### TRY IT:
From the entries below, write out exactly the lines between the line holding "Falcon Door Knob" and the line holding "Used 2017 Cadillac", inclusive, excluding any pictures.

### DATA IN THIS EXERCISE:
+ + + + + + +

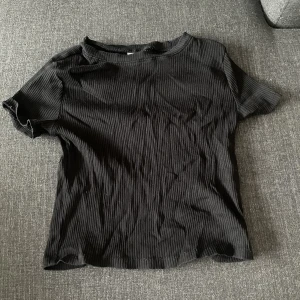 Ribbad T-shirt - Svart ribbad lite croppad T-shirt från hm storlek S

+ + + + + + +

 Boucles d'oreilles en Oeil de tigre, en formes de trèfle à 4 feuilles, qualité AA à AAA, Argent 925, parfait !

+ + + + + + +

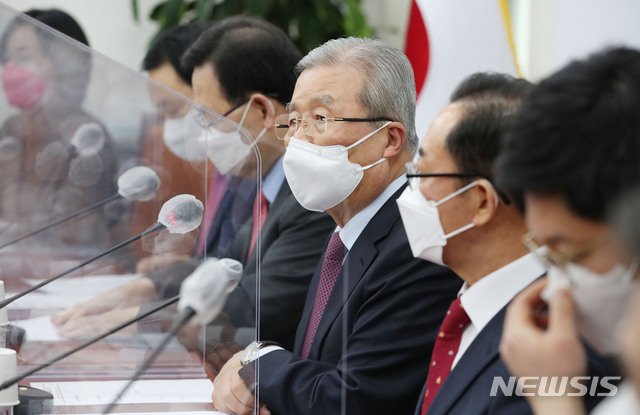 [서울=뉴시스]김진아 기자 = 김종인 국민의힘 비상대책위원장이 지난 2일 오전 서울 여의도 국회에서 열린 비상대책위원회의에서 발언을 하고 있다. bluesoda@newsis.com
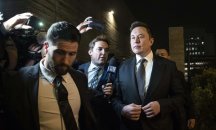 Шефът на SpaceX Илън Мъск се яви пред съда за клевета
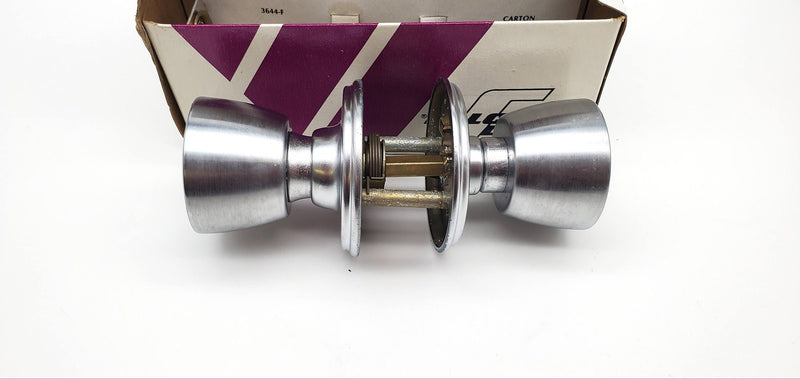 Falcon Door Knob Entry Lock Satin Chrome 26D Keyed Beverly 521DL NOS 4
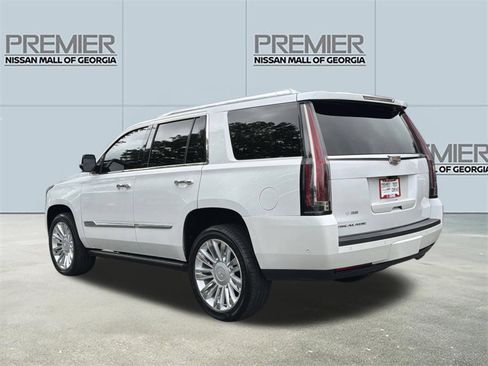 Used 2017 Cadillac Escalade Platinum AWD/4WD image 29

+ + + + + + +

### RESULT:
 Falcon Door Knob Entry Lock Satin Chrome 26D Keyed Beverly 521DL NOS 4
 Used 2017 Cadillac Escalade Platinum AWD/4WD image 29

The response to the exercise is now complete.